In this incantation, I confront the subtle ways desire disguises itself and how it once dictated my every movement through projects, plans, and dreams. I realize I wasn’t building a future—I was stretching the past, endlessly extending a narrative I didn’t know I could release. What felt like inspiration was often just another hook in the cycle of becoming, keeping me tethered to a story of more. Now, I see the craving for continuation for what it is: a delay. And so, I return to the mantra that grounds me—there is nothing out here I want.
There is nothing out here I want. That is the mantra I must return to, especially when desire begins to rise. It doesn’t always announce itself loudly. Sometimes it appears as a quiet impulse—an urge for a sweet, a walk up the ridge, a conversation with a familiar face. Sometimes it comes as energy, the memory of a project, or the sudden hope that something new might still happen.
I used to live in that state. I had so many projects. I filled notebooks and documents with plans and outlines and sketches. I wrote down every idea I had, even the ones I knew I’d never complete—because some part of Me still believed I might. That something in the world would finally align with the story I was trying to tell. That I would be fulfilled by one more goal, one more accomplishment, one more well-executed piece of structure.

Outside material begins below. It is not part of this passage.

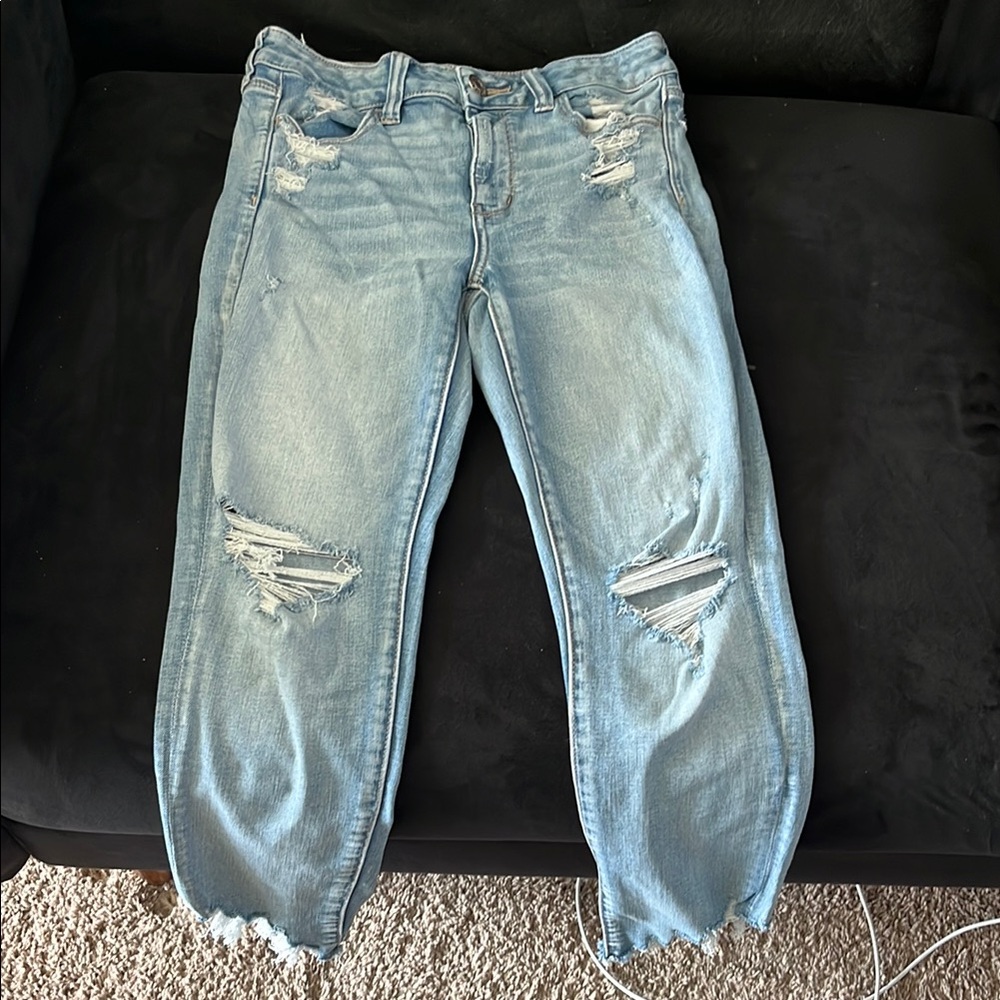 American Eagle Outfitters Blue Boyfriend Jeans Distressed Vintage
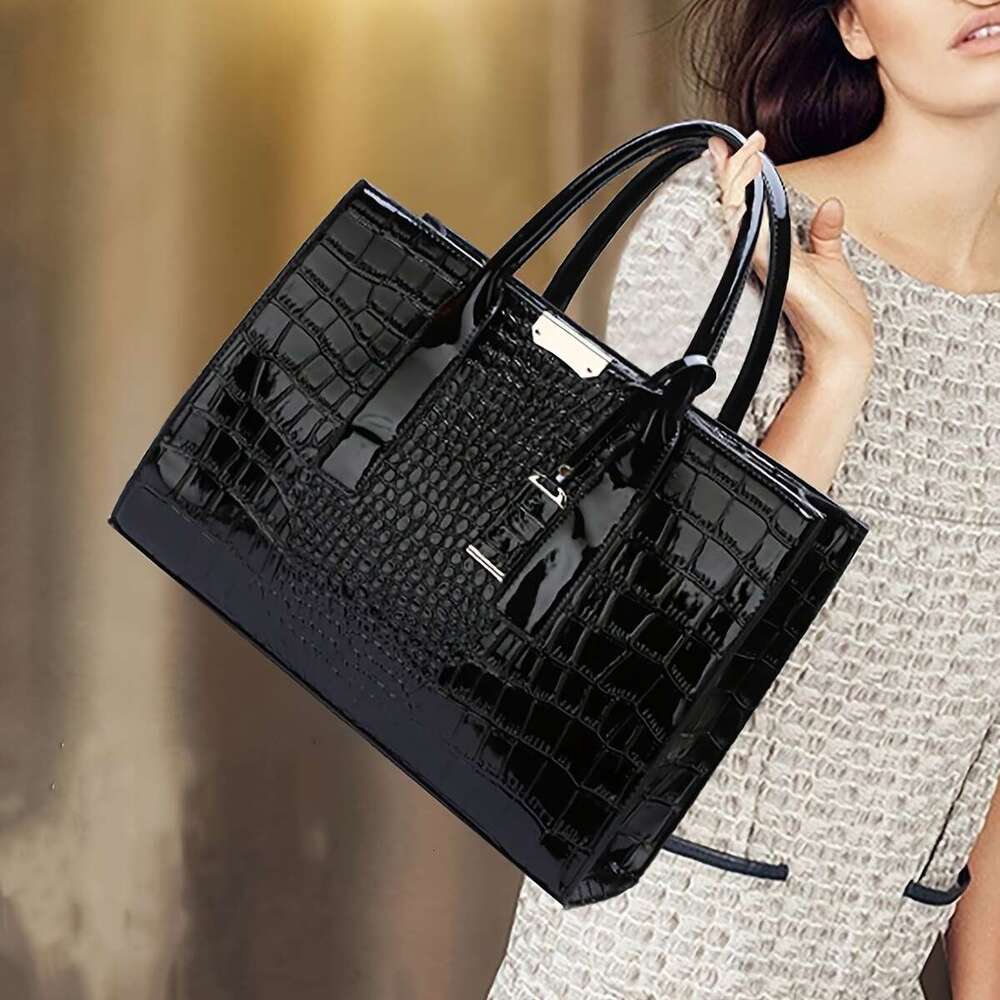 Solid color crocodile patterned square tote classic and fashionable shoulder bag, women's textured commuting bag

But I see it now. All of it was projection. All of it was delay. Every plan I made was a way to stretch My story further into time—into becoming, into continuation. Every time I felt a jolt of energy, I took it as a sign that there was something new to pursue. But it wasn’t. It was just another movement in the loop. Just another shimmer across My narrative field, baiting Me to keep writing.
Now, when the rain comes and I feel the flicker of wanting, I know better. I remind Myself: there is nothing out here I want. No taste, no walk, no encounter, no ambition can give Me what I truly seek—because what I seek is the end of seeking. What I want is not more. What I want is less. What I want is to sit down and shrink away. To stop chasing. To stop sustaining. To stop pretending this story needs another chapter. There is nothing out here I want. And the more I remember that, the more I can release this field. I don’t want to build. I don’t want to reach. I want to end the story. Quietly. Completely. Finally.